With a keen ear to the ground, PTM is also exploring the use of new, emerging technologies like the Internet of Things (IoT). “We are starting a small project to trial IoT to control the lights and electrical usage, for example,” she says. “We are also looking into the student e-profiling and mobile-based student ID to cater for various purposes.”
The University of Malaya is undoubtedly undergoing a digital revolution. However, Abu Samah is keen to point out that the institution isn’t using technology for technology’s sake. Rather, digitisation has been a key enabler to foster a close-knit community. “Technology is only a tool we need to reach our end goals,” observes Abu Samah. “If our university is to move faster, then we need the technology. We hope to promote more student engagement, inter- and intra-function collaboration. In fact, in some of the projects we involve our alumni too.”

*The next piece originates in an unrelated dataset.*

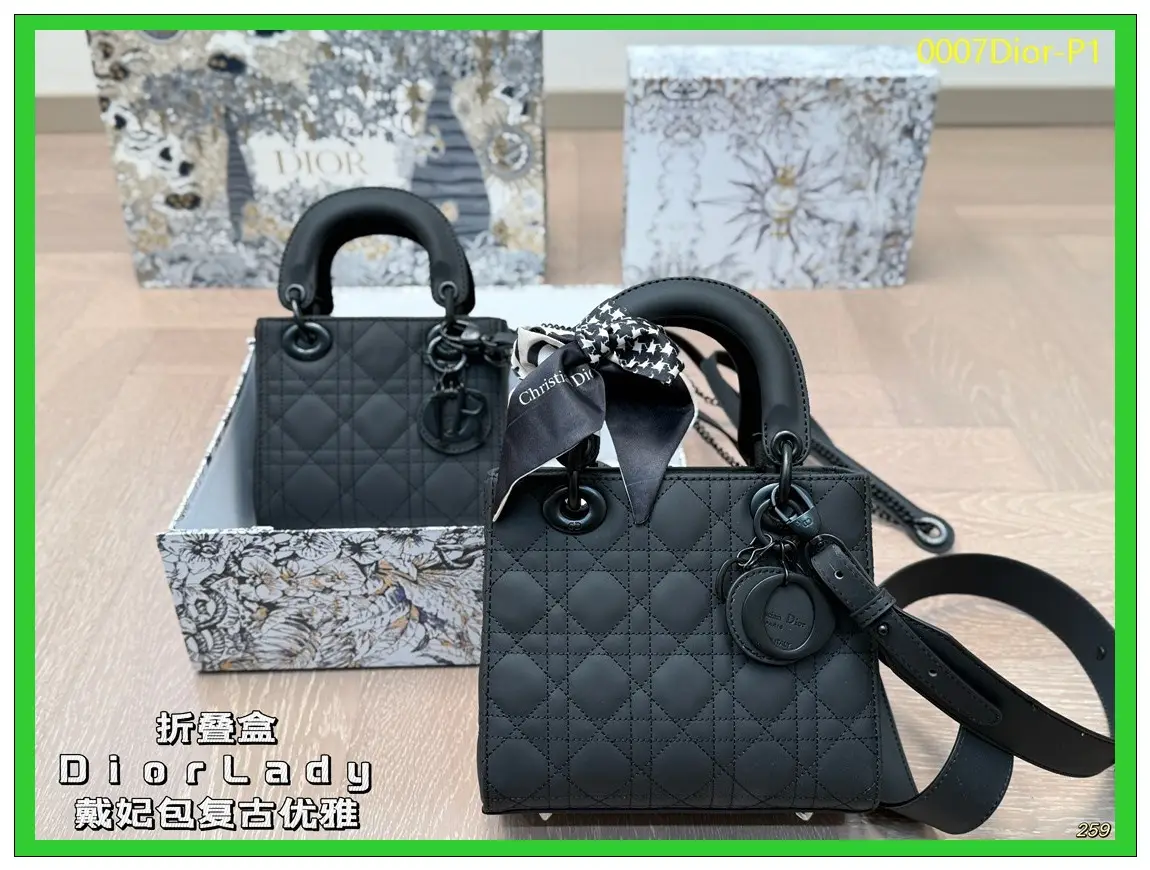 0007Dior P1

“We’ve grown and developed a lot since I first joined the university in 1993,” she continues. “At that point in time, implementing technology was quite hard because people were quite afraid of technology. Now, people have many ideas about how to use technology. We just have to convince them what is right and how to do it. We are hoping to create a very modern campus, in terms of how it operates. It should be easily accessible for everyone. It should be borderless.”
Behind the scenes at PTM, there is a diligent team of 105 technical staff. Driven by a desire to support the university’s researching, teaching and learning, they are using state-of-the-art technology to help put the University of Malaya on the map.
“I can see that most of the talent is inspired by the desire to develop something bigger than what is expected,” Abu Samah concludes. “They're interested in where the university is going. They want to be part of the team. They want to make the university better.”